PZ: Wie bewerten Sie persönlich die fünf vergangenen Faustballjahre beim TSV Dennach?

Es ist hier nie um meine Person gegangen. Das möchte ich festhalten. Es ging immer nur darum, dass sich die Spielerinnen, die Mannschaft weiterentwickelt und das Maximale aus sich herausholt. Das ist bei den großen Erfolgen mit fünf deutschen Meisterschaften, sechs Europapokal-Triumphen und zwei Finalteilnahmen im Weltcup gelungen. Bei Letzterem fehlt leider noch das i-Tüpfelchen. Aber das kommt vielleicht noch. Fakt ist, das wir gemeinsam in Dennach explosionsartig Erfolge gesammelt haben, die kaum jemand für möglich gehalten hätte und die sich so leicht wohl auch nicht wiederholen lassen. Über fünf Jahre waren das herausragende Erlebnisse, für die ich sehr dankbar bin.

PZ: Dennoch ärgert der noch fehlende Weltcup-Sieg?

Sicher wäre das eine schöne Sache gewesen. Aber darum ging es bei meinem Amtsantritt als Trainer in Dennach überhaupt nicht. Wir wollten deutsche Meisterschaften gewinnen und das hat geklappt. Im Übrigen ist die rasante Entwicklung der Mannschaft nicht nur mein Verdienst. Daran hat auch meine Vorgängerin Beate Bolz mit ihrer Basisarbeit großen Anteil. Letztlich haben sich die Spielerinnen selbst belohnt, weil der absolute Willen, der Ehrgeiz zum Erfolg genauso wie die Bereitschaft da war, sich im Training zu plagen und bis an die eigene körperliche Grenze zu gehen.

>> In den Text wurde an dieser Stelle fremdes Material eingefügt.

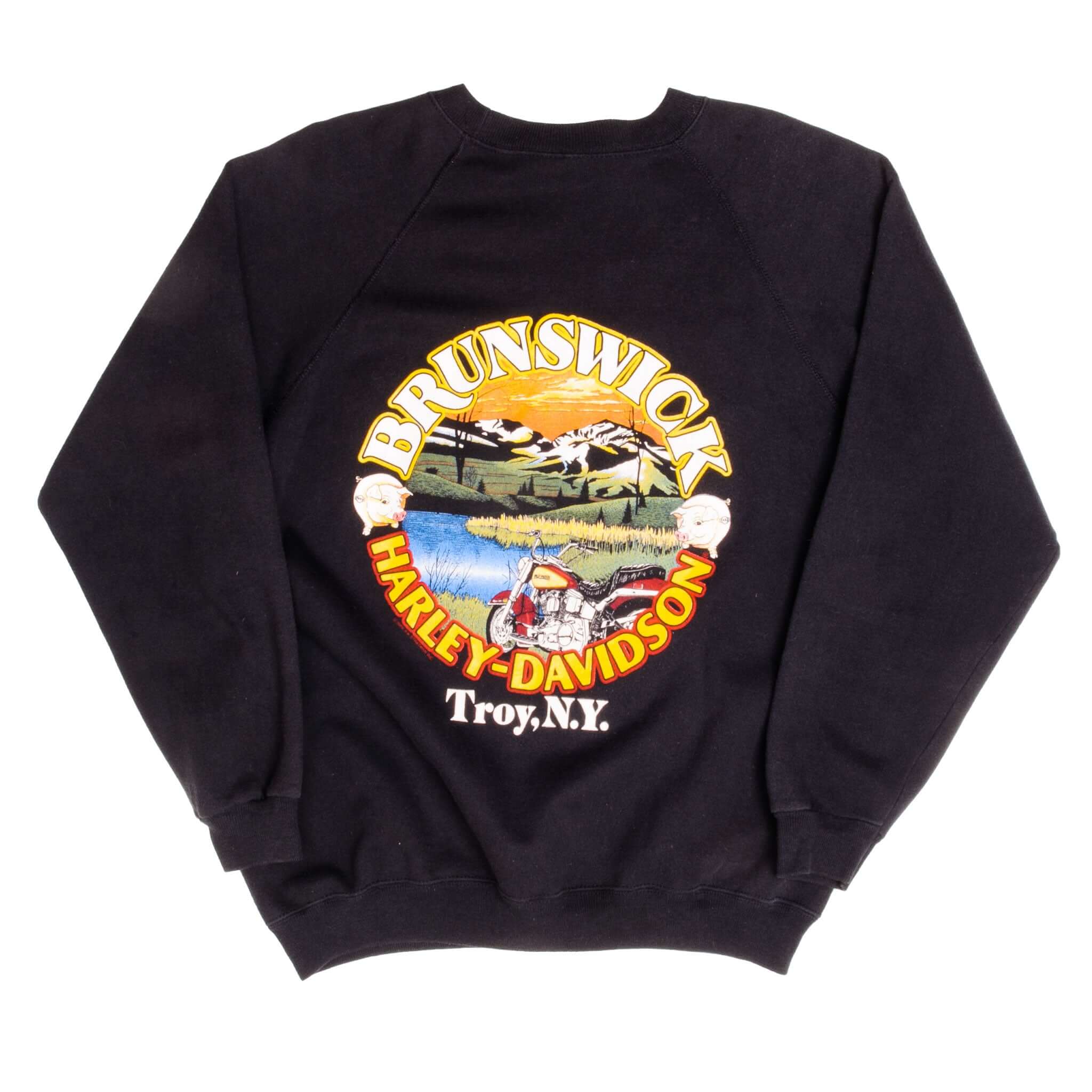 Vintage Hanes Harley Davidson An American Original Brunswick Troy, NY Sweatshirt  Size XLarge Made In Usa 1988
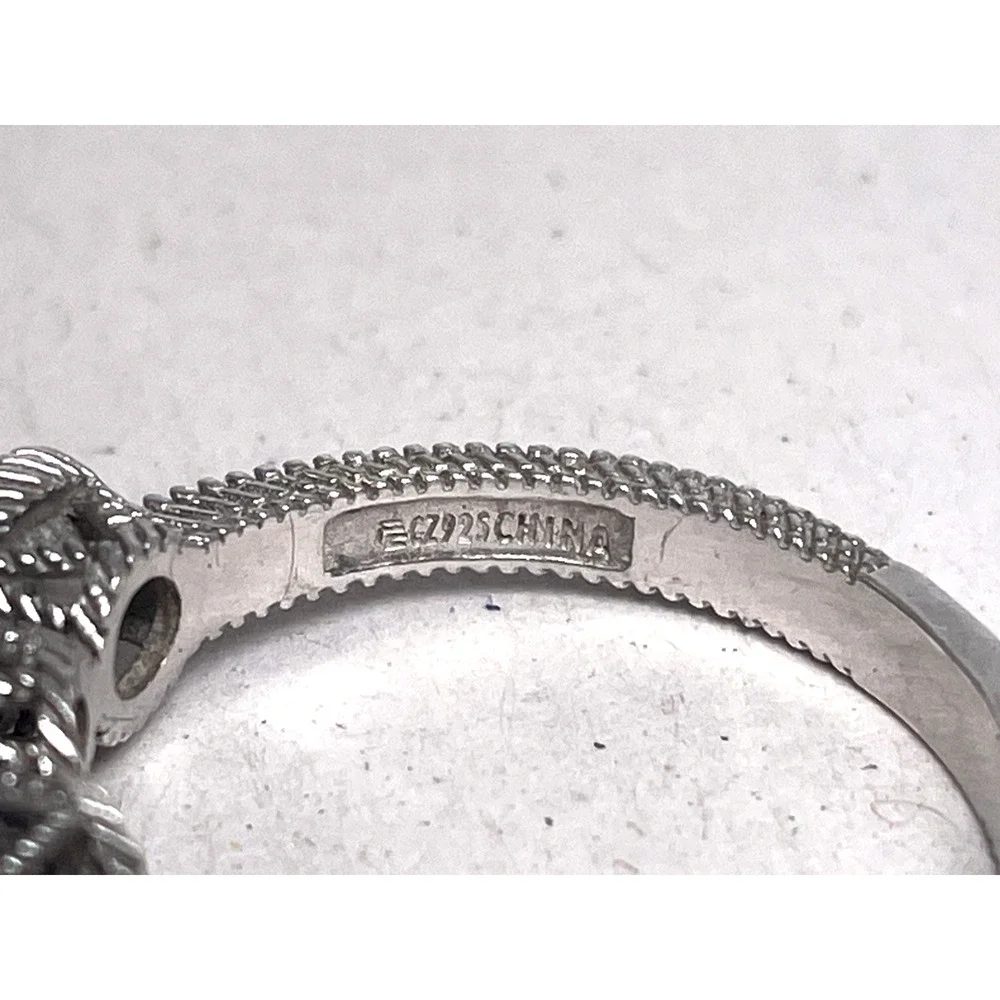 Judith Ripka 925 Sterling Silver CZ Eternity Band Ring Size 8.5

PZ: Wie wird die Welt von Rudolf Reuster aus Faustball-Rentner aussehen?

Das mit dem Runterfahren funktioniert ganz ordentlich. Ich habe zum Verein und zu den Spielerinnen nach wie vor ein gutes Verhältnis und werde mir regelmäßig die Spiele anschauen. Auch beim Europapokal am 6. Januar im schweizerischen Jona bin ich dabei. Faustball ist und bleibt für mich aber Spaß und Hobby. Ich hoffe, dass die Mannschaft weiterhin nach dem höchsten Niveau strebt. Und wenn es mir gelungen ist, das zu vermitteln, kann ich sehr zufrieden sein.

PZ: Welche Tipps haben Sie für ihren Nachfolger?

Ich halte mich da völlig raus. Kuno ist ein Faustball-Besessener und wir kennen uns schon seit Jahren. Er hat die nötige Erfahrung, die man braucht und kann seine Entscheidungen selber treffen. Für ihn geht es erst einmal darum, die Spielerinnen besser kennenzulernen. Und wenn die Mädels mitziehen, seine Philosophie annehmen, ist irgendwann auch seine eigene Handschrift erkennbar. Ich wünsche ihm, dass er die paar Prozent noch aus der Mannschaft herauskitzeln kann, die zum Weltcup-Sieg fehlen.